# Data records

· · · ·

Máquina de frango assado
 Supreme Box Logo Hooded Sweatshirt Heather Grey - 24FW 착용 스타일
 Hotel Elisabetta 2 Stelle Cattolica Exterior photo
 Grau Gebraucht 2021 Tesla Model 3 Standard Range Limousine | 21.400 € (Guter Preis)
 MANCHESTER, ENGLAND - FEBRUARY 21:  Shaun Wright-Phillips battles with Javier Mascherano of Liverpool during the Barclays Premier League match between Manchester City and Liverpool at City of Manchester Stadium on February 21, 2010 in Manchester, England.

· · · ·

# Problem to solve
The answer must restate all of the entries exactly.

# Expected output
Máquina de frango assado
 Supreme Box Logo Hooded Sweatshirt Heather Grey - 24FW 착용 스타일
 Hotel Elisabetta 2 Stelle Cattolica Exterior photo
 Grau Gebraucht 2021 Tesla Model 3 Standard Range Limousine | 21.400 € (Guter Preis)
 MANCHESTER, ENGLAND - FEBRUARY 21:  Shaun Wright-Phillips battles with Javier Mascherano of Liverpool during the Barclays Premier League match between Manchester City and Liverpool at City of Manchester Stadium on February 21, 2010 in Manchester, England.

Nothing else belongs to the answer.